Una tesi, quella espressa nella citata decisione che appare del tutto ragionevole, se non fosse che la Corte di Cassazione cambia idea e si esprime in modo opposto con la decisione 21 aprile 2021 n. 10439 e la decisione 19 novembre 2021 n. 35500 ed in “… quest’ ultima sentenza ha affermato che la precedente ed avversata tesi interpretativa “si pone in contrasto con la sesta direttiva 77/388/CEE ( nonché con successiva direttiva 2006/112/CE) così come costantemente interpretata dalla Corte di Giustizia, secondo cui , benché il diritto a detrazione dell’ i.v.a. costituisca parte integrante del meccanismo dell’imposta, il suo esercizio è limitato alle sole imposte dovute e non può essere esteso all’ i.v.a. indebitamente versata a monte, per cui non si estende all’imposta dovuta esclusivamente in quanto esposta nella fattura (Corte Giust. 10 luglio 2019, Kursu Zeme)” …”.

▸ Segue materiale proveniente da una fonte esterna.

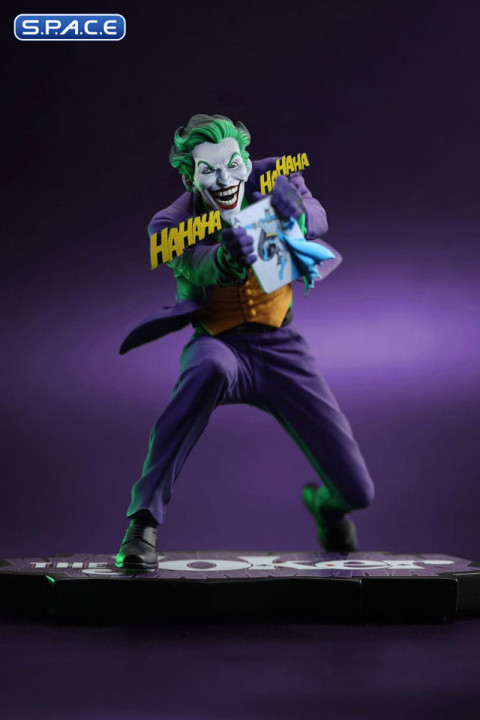 The Joker Purple Craze Statue by Neal Adams (DC Comics)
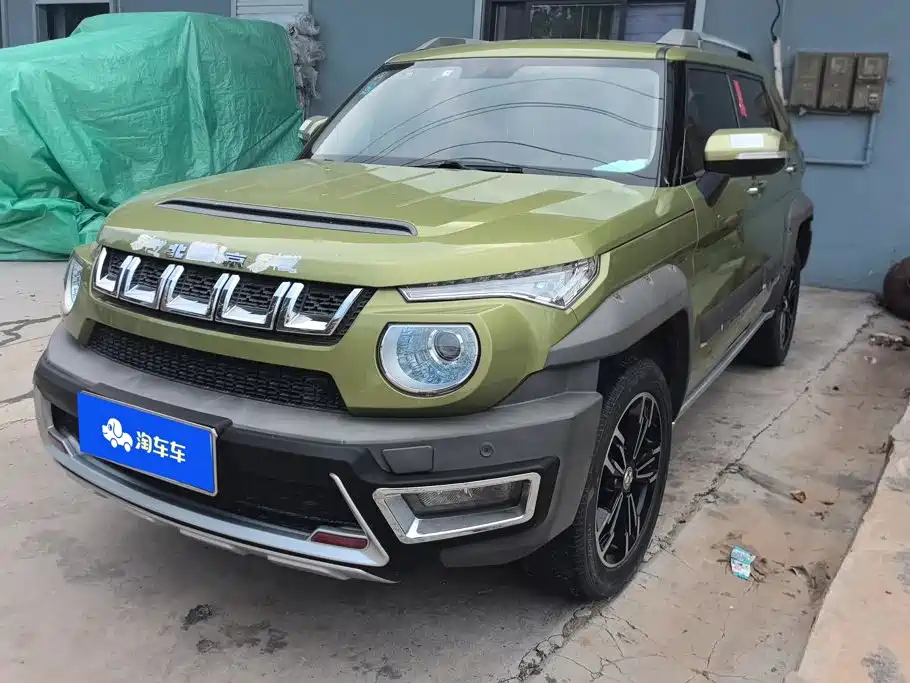 BAIC ORV Beijing Offroad BJ20 2017 2016 1.5T Manual Luxury Type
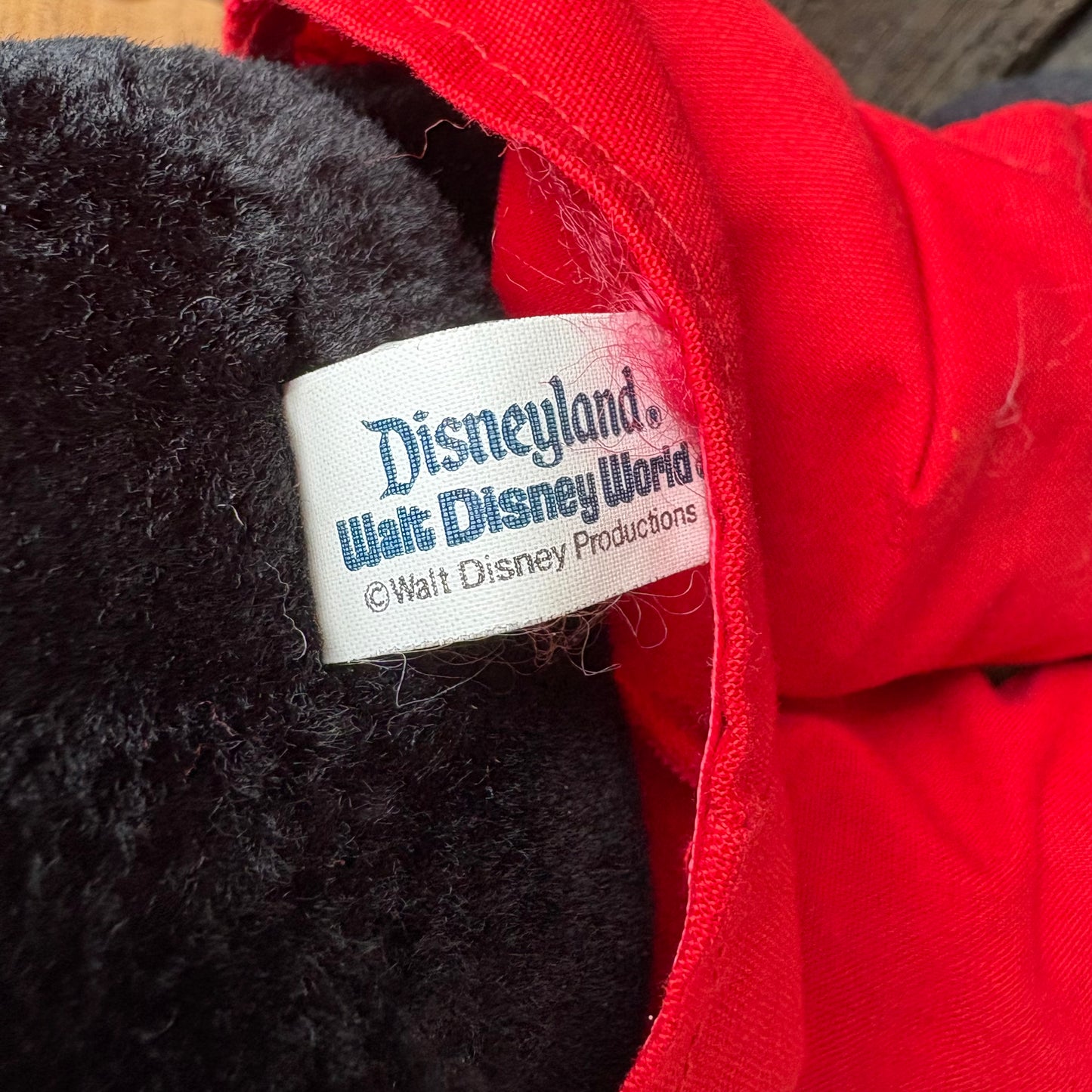 【1970s1980s Vintage】Mickey Mouse Plush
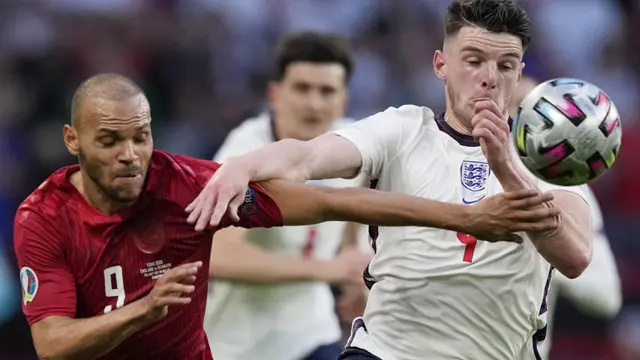Foto: Ini Dia Daftar 3 Pencetak Gol Tertua Timnas Denmark di Ajang Euro, Ada Christian Eriksen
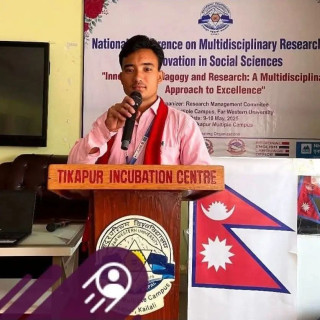 टीकापुर बहुमुखी क्याम्पसका स्ववियु सभापति साउद सहसचिवमा निर्विरोध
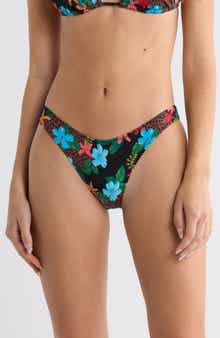 PacSun Erica High Leg Scoop Bikini Bottoms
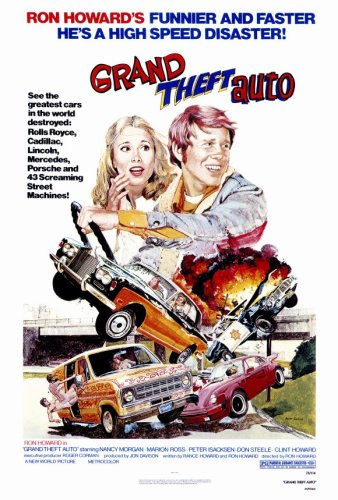 Grand Theft Auto 27 x 40 (approx.) Poster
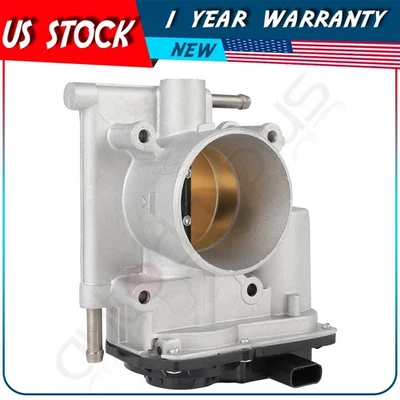 Throttle Body For Mercury Milan Ford Fusion 2.3L 2006 2007 2008 2009 - Image 1 of 4
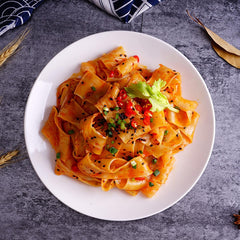 Yummy99 Akuan Sichuan red oil pour adds fiery aroma.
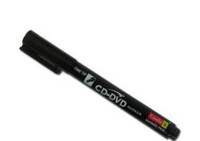 Camlin CD - DVD Marker Pen, Red - Pack of 10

A questo punto la situazione si rovescia e quindi la CTR indica con chiarezza che si applica il principio per cui “… per recuperare l’imposta di rivalsa indebitamente versata, l’operatore avente il diritto a detrazione dovrà avanzare richiesta di restituzione all’operatore che ha emesso una fattura erronea, conformemente al diritto nazionale …”.
In questa visione “punitiva” del giudice di merito si inserisce anche la Corte di Cassazione (con la decisione recente di Novembre 2022) affermando in modo netto che “… In caso di operazione erroneamente assoggettata ad IVA (nella specie ad un’aliquota eccedente quella applicabile) non è ammessa la detrazione dell’imposta pagata e fatturata atteso che, ai sensi dell’art. 19, del d.P.R. 26 ottobre 1972, n. 633, e in conformità dell’art. 17 della direttiva del Consiglio CEE del 15 maggio 1977, n. 77/388/CEE, e degli artt. 167 e 63 della successiva direttiva del Consiglio del 28 novembre 2006 n. 2006/112/CE (come interpretati dalla giurisprudenza della Corte di giustizia), l’esercizio del relativo diritto presuppone l’effettiva realizzazione di un’operazione assoggettabile a tale imposta nella misura dovuta …”.
Da questa considerazione giuridica e preliminare dice la Corte “… ne discende che, ove l’operazione sia stata erroneamente assoggettata all’IVA, per la misura non dovuta sono privi di fondamento: (i) il pagamento dell’imposta da parte del cedente (il quale ha diritto di chiedere all’Amministrazione il rimborso di quanto versato in eccesso); (ii) la rivalsa effettuata dal cedente nei confronti del cessionario (il quale ha diritto di chiedere al cedente la restituzione dell’IVA in via di rivalsa, nella parte erroneamente versata); (iii) la detrazione operata dal cessionario nella sua dichiarazione IVA, con conseguente potere-dovere dell’Amministrazione di escludere la detrazione dell’imposta così pagata in rivalsa …”.
Conclusioni
La tesi espressa in queste due decisioni (CTR e Cassazione) mi pare soggetta a forti critiche (Peirolo uno dei maggiori tecnici IVA, per quanto mi è dato capire, mi pare non concordi) ma, da professionista pratico, devo far notare che di fronte ad un indirizzo giurisprudenziale che appare ormai abbastanza consolidato gli operatori devono fare molta attenzione avuto riguardo al fatto che esiste il forte rischio di una contestazione se il recupero avviene in difformità da quanto indicato.